I’m pretty happy with how it turned out and when I counted up how many games I had on the site, I was delighted that my 90th game had so many connections to places I’d been before.

It is perhaps unsuprising that at this phase in my game-making I’m reflecting on my past work a lot. The 90 games housed here are spotty in quality and it’s sometimes a little weird to me that unfunny “comedy” games I made when I was 14 sit presented here with almost equal weight as games I’ve spent three months polishing. But I like that uncurated retrospective of my own work. And I’ve been taking surprising inspiration from it, as well as revisiting and rethinking the scenes I was a part of.

My output has been spotty, with long lulls. In 2012 alone, I released 38 games, including Caverns of Khron, which I worked on for 11 months–all while attending school full-time, working part-time, and relocating to Japan for a year of study abroad (I should note that 25 of these were made in the span of two weeks for Pirate Kart V)! This was a giddy period of experimentation and exploration, when I was getting good enough at Game Maker to make more complex games quickly, was standardizing and streamlining my bag of programming tricks, and was brimming with mechanical and aesthetic ideas I hadn’t tried yet, all drawing off the infectious creative energy at Glorious Trainwrecks. Between 2013 and 2015, I released no games for almost two full years, occupied by other interests, life events, and the beginning of grad school. Most importantly, making games didn’t sound all that fun for a little while.

My creative impulses ebb and flow.
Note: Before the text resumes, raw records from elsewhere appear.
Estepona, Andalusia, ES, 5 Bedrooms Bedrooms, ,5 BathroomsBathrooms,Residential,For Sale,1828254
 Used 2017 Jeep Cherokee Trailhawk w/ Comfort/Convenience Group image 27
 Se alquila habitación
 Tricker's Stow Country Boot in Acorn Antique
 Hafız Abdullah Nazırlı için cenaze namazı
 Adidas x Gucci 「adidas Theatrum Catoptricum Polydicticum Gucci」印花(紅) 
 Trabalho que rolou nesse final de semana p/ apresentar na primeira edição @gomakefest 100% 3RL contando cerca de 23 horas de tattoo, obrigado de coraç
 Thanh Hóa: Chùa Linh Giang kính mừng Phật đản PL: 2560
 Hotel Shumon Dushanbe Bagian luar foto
Since ending my game-making hiatus in the spring of 2015 with one of my personal favorites among my games, Shadow Wrangler (like Laz & Liz another Lemmings-inspired game that could be defined as “platforming by proxy”), I’ve been making a few games a year and tending toward larger, more polished projects. It’s harder for me to sit down and make a game in four hours like I used to six years ago; I’ve become increasingly interested in stronger game cohesion and narratives, accessible player experiences, and more careful, focused development in my practice.

I have some very exciting plans yet on the horizon in 2018, and some of it is going to involve revisiting unfinished projects and a return to old titles and ideas (a return to Zem! might even be on the table). At the same time, I’m really not sure where things go from here. Liz & Laz, like a lot of my games, started as a lark that spun into something else entirely (and a 1,000-word, self-obsessed ramble). I’m about to head deep into developing a game for the Wumpus Jam I’m hosting (please join!) and I only have a vague sense of what that’s going to look like. Thanks for playing!